生成AIが一般に公開されてから3年程度が経つ。この間、AIサービスを提供しているIT企業などは、業務で活用している企業の事例を紹介しながら、自社のAIサービスを利用しようと宣伝している。導入事例を見ると、会議などで使う資料をAIに要約させたり、英文の翻訳を指示したり、仕事のアイデア出しやプログラミングなどをAIに任せたりしている企業が多い。
生成AIが出てきたころは、回答の内容や使い方に様々な課題があったたが、徐々に改善されてきている。生成AIは当初、データとして取り込んだ数年前の古い情報までしか出てこないという問題があった。これを改善しようと、最近は、「検索連動型」というAIが出てきた。これは、AIが質問の意図を分析してネット検索を自動で行い、その結果を根拠として回答を作り上げるというもの。現在公開されているネット情報を利用するため、新しい情報も答えることができるようになった。
生成AIは、大企業だけでなく、人材不足に悩む中小企業の業務改善にも役立てることができる。
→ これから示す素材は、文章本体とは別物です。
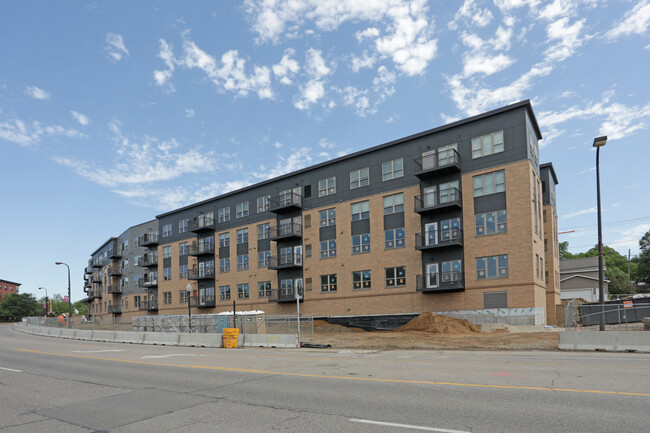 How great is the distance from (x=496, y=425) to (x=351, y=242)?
3600 centimetres

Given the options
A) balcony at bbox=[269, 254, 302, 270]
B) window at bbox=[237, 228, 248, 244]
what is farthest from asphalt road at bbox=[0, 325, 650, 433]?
window at bbox=[237, 228, 248, 244]

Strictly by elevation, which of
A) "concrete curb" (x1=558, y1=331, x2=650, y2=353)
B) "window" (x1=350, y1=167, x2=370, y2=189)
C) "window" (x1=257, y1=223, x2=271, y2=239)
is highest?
"window" (x1=350, y1=167, x2=370, y2=189)

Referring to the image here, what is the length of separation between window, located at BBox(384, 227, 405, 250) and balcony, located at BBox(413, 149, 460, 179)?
503 cm

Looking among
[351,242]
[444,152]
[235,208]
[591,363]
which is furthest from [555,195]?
[591,363]

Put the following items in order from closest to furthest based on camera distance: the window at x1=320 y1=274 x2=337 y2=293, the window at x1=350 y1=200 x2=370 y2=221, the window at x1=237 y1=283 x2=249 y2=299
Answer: the window at x1=350 y1=200 x2=370 y2=221 < the window at x1=320 y1=274 x2=337 y2=293 < the window at x1=237 y1=283 x2=249 y2=299

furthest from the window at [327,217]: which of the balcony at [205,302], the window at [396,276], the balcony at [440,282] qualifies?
the balcony at [205,302]

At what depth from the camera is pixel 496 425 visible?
647cm

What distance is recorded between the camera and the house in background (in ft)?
190

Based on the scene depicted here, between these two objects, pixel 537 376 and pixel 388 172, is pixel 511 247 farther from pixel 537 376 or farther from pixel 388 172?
pixel 537 376

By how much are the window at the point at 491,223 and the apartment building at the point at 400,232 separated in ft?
0.24

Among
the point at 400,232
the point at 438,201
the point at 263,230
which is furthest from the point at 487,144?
the point at 263,230

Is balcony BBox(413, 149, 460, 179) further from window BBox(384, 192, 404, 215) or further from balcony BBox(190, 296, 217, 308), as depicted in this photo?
balcony BBox(190, 296, 217, 308)

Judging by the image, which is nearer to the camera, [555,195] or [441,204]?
[441,204]

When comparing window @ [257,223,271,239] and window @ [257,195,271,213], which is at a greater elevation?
window @ [257,195,271,213] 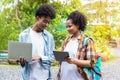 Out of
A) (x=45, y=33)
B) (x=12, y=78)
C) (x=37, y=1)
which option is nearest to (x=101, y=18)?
(x=37, y=1)

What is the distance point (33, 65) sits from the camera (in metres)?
2.61

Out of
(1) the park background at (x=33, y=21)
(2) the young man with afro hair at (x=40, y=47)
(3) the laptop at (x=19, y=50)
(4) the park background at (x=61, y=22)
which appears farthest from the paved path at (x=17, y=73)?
(3) the laptop at (x=19, y=50)

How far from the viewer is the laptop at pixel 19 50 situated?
94.9 inches

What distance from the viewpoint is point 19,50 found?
2.41 meters

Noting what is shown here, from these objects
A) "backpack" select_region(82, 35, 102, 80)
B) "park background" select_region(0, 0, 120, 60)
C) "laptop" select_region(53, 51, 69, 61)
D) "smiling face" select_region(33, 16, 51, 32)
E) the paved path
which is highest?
"park background" select_region(0, 0, 120, 60)

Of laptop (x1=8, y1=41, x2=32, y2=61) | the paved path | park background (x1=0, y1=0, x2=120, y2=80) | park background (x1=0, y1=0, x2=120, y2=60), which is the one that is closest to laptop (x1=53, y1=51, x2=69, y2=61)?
laptop (x1=8, y1=41, x2=32, y2=61)

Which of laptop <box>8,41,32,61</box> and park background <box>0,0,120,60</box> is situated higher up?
park background <box>0,0,120,60</box>

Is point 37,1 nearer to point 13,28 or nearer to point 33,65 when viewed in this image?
point 13,28

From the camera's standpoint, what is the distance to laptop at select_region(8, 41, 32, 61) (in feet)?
7.90

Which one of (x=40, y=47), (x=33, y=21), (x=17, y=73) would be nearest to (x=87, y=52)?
(x=40, y=47)

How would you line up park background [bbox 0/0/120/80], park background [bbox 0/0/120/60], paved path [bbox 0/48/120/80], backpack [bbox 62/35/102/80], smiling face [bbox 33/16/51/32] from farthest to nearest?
park background [bbox 0/0/120/60] → park background [bbox 0/0/120/80] → paved path [bbox 0/48/120/80] → smiling face [bbox 33/16/51/32] → backpack [bbox 62/35/102/80]

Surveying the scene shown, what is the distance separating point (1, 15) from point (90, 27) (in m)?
2.93

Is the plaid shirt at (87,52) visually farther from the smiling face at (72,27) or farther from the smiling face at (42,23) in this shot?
the smiling face at (42,23)

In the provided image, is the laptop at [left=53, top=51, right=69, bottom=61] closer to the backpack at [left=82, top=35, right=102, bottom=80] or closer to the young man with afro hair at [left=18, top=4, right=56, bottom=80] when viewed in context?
the backpack at [left=82, top=35, right=102, bottom=80] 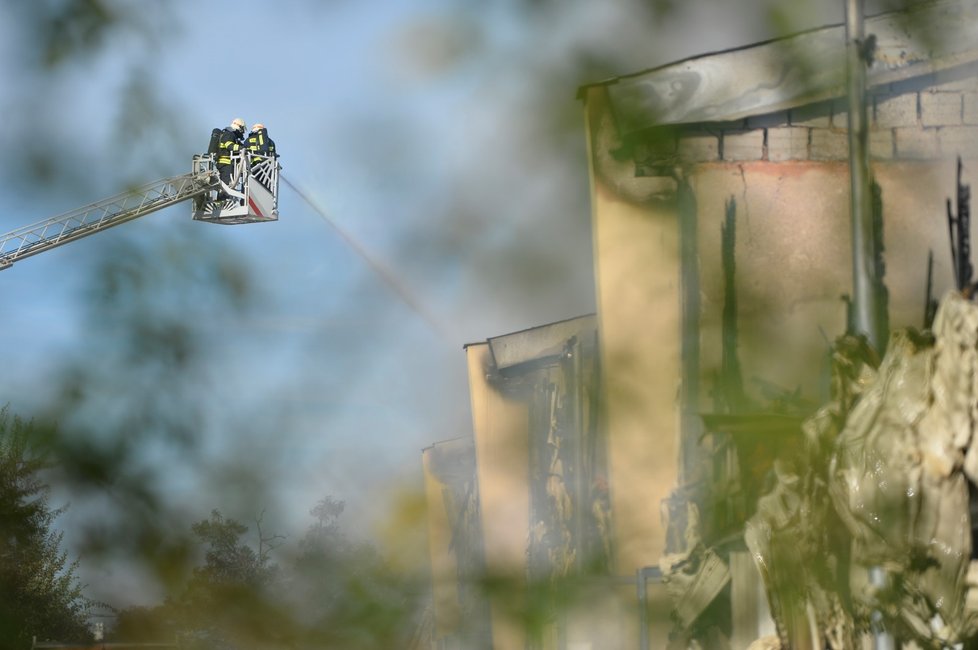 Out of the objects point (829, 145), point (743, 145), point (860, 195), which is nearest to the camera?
point (860, 195)

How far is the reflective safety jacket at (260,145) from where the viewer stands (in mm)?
7621

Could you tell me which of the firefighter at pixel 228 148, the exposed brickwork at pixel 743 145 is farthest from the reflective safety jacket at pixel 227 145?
the exposed brickwork at pixel 743 145

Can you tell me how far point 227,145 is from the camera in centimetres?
762

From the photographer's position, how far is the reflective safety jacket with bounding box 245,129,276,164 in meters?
7.62

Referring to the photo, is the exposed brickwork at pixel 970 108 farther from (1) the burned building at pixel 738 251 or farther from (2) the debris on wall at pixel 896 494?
(2) the debris on wall at pixel 896 494

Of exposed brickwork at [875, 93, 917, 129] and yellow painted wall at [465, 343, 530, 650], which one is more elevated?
exposed brickwork at [875, 93, 917, 129]

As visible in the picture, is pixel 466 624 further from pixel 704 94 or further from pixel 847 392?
pixel 847 392

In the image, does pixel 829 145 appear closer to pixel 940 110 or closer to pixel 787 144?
pixel 787 144

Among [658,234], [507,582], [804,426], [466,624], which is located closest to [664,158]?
[658,234]

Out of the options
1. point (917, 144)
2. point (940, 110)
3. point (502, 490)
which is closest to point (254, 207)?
point (917, 144)

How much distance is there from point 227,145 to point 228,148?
0.02 metres

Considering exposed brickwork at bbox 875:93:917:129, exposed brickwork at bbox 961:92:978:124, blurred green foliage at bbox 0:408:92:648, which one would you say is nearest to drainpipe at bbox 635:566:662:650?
exposed brickwork at bbox 875:93:917:129

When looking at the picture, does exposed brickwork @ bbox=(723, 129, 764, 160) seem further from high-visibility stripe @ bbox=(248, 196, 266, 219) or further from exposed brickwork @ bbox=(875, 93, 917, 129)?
high-visibility stripe @ bbox=(248, 196, 266, 219)

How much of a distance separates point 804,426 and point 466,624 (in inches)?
239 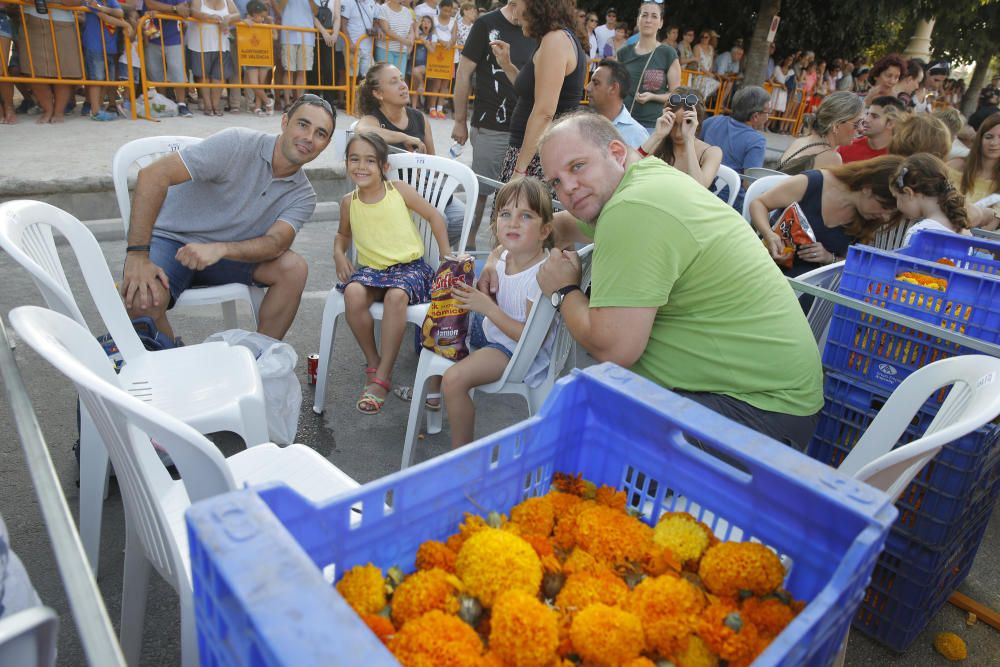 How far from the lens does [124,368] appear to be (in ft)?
7.43

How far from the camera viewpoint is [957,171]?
4.49 meters

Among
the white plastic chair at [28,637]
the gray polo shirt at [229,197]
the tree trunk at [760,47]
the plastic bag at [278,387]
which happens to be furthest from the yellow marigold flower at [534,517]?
the tree trunk at [760,47]

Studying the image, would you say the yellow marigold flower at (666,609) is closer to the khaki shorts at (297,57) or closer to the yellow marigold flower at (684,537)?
the yellow marigold flower at (684,537)

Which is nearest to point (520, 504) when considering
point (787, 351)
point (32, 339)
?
point (32, 339)

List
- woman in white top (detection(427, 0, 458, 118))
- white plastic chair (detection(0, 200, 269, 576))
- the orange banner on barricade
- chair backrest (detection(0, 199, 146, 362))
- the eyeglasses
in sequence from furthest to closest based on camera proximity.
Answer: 1. woman in white top (detection(427, 0, 458, 118))
2. the orange banner on barricade
3. the eyeglasses
4. white plastic chair (detection(0, 200, 269, 576))
5. chair backrest (detection(0, 199, 146, 362))

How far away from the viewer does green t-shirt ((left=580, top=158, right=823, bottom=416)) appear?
5.92 feet

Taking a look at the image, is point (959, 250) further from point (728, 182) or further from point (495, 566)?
point (495, 566)

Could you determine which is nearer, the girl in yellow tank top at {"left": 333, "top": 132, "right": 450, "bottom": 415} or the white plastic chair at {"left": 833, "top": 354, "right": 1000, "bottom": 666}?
the white plastic chair at {"left": 833, "top": 354, "right": 1000, "bottom": 666}

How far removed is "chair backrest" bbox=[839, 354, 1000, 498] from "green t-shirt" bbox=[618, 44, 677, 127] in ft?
15.1

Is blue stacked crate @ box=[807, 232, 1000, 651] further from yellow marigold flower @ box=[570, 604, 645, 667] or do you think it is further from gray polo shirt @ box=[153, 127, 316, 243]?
gray polo shirt @ box=[153, 127, 316, 243]

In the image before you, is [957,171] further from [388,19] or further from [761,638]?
[388,19]

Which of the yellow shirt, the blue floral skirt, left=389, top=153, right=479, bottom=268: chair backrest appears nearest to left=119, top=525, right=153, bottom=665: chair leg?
the blue floral skirt

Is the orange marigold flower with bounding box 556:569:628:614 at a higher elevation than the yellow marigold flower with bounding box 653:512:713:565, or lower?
lower

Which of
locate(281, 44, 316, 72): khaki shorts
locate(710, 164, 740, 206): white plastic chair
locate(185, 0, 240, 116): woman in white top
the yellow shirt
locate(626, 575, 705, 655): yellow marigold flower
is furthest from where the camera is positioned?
locate(281, 44, 316, 72): khaki shorts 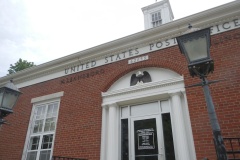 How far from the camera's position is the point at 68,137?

現場の課題を細かく洗い出すとともに、AIでどう解決できるか具体的に検討することが重要だ。その一方で、日本企業は生成AIの利用が遅れているという調査も出ている。今年の7月に公表された国の情報通信白書によると、利用経験のある人の項目を見ると中国は81.2%、アメリカは68.8%なのに対して、日本は26.7%にとどまっている。
利用しない理由は、自分の生活や業務に必要ない、使い方がわからないという答えが多くなっている。こうした結果から、日本企業は生成AIの利用率を高めるべきだという意見がある。AIの活用が広がれば、人の仕事がなくなると懸念する人は少ない。しかしながら生成AIには限界があり、人間の代わりとして位置づけることはできないという研究結果もある。画期的なイノベーシヨンを起こすには、人間が持っている感性が必要であり、感性は言葉では表現しきれないためにAIの学習データには存在せず、答えを出せないというものである。
生成AIは、完全に正しい答えを出すことは不可能である。このため、情報が正しいかどうか見極める読解力や一般常識が今まで以上に必要となるってくる。そうした力を伸ばすためには、いくら効率化の時代だからと言っても、アイデア出しを最初からAIに任せることは避け、まずは自分の頭で考えることを怠ってはいけない。